Coconut and cake batter come together in this unbelievably addictive rendition of Puppy Chow!
Two of my favorite things in the world are coconut and cake batter. Hands down. And since I already know that they taste PHENOMENAL together (check out my recipe for Cake Batter Coconut Haystacks!), I figured it was time to introduce this world to a new addiction…
Coconut Cake Batter Puppy Chow
Puppy chow, aka Muddy Buddies, is definitely one of my downfalls. I have absolutely no self-control when it comes to those sugar-coated squares of sweetdom (sweet + freedom). I basically created my own form of crack by combining two of my favorite flavors and my favorite snack into one.
Goodbye willpower.
Not only is this one of the most addictive snacks, but it’s also stupid easy to make, which means you could make it and engulf the entire batch within a matter of minutes. I might suggest that you make this AFTER swimsuit season…
You’ll notice that I used toasted coconut, which is extremely important for enhancing the coconut’s flavor. PLEASE do not skip this step! I used finely shredded coconut and shaved coconut chips which I found in the bulk section of New Seasons. Though I suppose if you can’t find either of these in your area, you could substitute regular shredded coconut. I just figured that the finer shred of coconut would stick to the cereal better and the shaved coconut looked pretty mixed throughout the sugary squares.
Along with the two kinds of coconut, I added a little coconut extract to really bring that coconut flavor home. Although I didn’t add too much that it would detract from the cake batter flavor, which I added through a just few tablespoons of yellow cake mix. In the end, I ended up with the perfect balance of toasty coconut essence and sweet cake batter flavor.
And because this is called “Puppy” Chow, I just couldn’t resist…
Say hello to our new fluffernutter, Hanako!
Don’t worry, she didn’t actually eat any of it 😉

Coconut Cake Batter Puppy Chow
Ingredients
- ½ cup fine shred coconut toasted
- 6 ounces almond bark
- 4 Tablespoons yellow cake mix (dry)
- 5 teaspoons vegetable oil
- ½ teaspoon coconut extract
- 4 cups chex cereal
- 1 cup powdered sugar
- 1 cup wide chip coconut toasted
Instructions
- Pour fine shred coconut into a large ziploc bag.

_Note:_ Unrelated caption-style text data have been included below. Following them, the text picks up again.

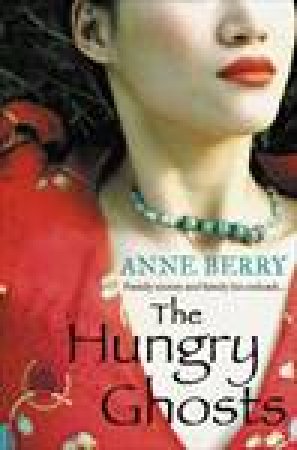 Hungry Ghosts by Anne Berry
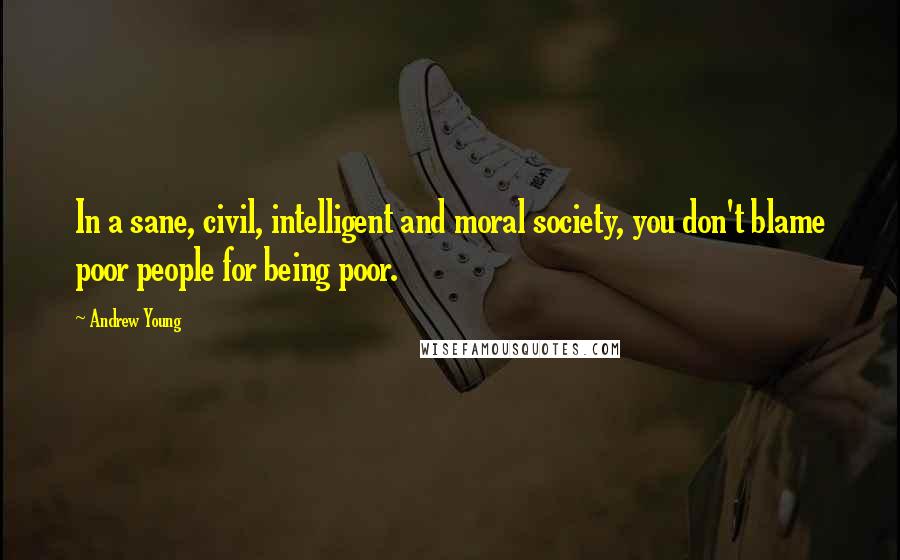 Andrew Young Quotes: In a sane, civil, intelligent and moral society, you don't blame poor people for being poor.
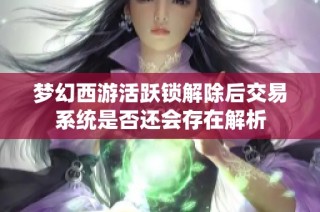 梦幻西游活跃锁解除后交易系统是否还会存在解析
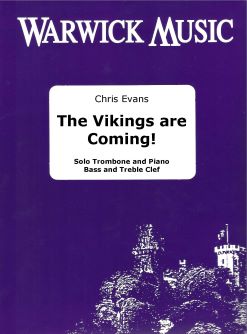Chris Evans: The Vikings are Coming: Trombone and Accomp.: Instrumental Album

- In a large microwave-safe bowl, melt the almond bark in the microwave until smooth. Add the cake mix, coconut extract, and vegetable oil and continue stirring until fully incorporated. Add chex cereal and stir until evenly coated.
- Pour chex mixture into ziploc bag of coconut, seal and shake to coat. Add powdered sugar, seal and continue to shake until evenly coated. Pour puppy chow into a large bowl along with the wide chip coconut and stir to combine. Serve and enjoy!
6 comments
I just posted Reese’s Peanut Butter Cups Puppy Chow on the Lou Lou Girls link-up this week! Great minds think alike, I guess.
Love the idea of using cake batter/mix. Never tried that. I sense an entire new world of puppy chow opening up.
Jennie
p.s. I much prefer “puppy chow.” It’s so cute! But here in Washington, everyone just goes “huh?” when I say puppy chow.
I LOVE Reese’s peanut butter cups, so I’m definitely going to have to try out your recipe! Great minds DO think alike 😉 The cake mix creates SO many more possibilities and I love the flavor it adds to the puppy chow. And I definitely agree on the “puppy chow” name–so much cuter than muddy buddies!
I’ve never made puppy chow (I can’t believe it!) but oh my goodness these look amazing and I’m thinking it’s something I need to try out asap.
Christina, I can’t believe you’ve never made puppy chow! That must change asap! However, I must warn you that once you start making puppy chow, stopping is impossible 😉
Those shaved coconut pieces look heavenly!! I know my kids would go crazy over these and like you, my own willpower will be out the door! Pinning & sharing!! 🙂
Amanda, I LOVE the shaved coconut! They’re actually a great snack by themselves because of the sweetness that toasting provides.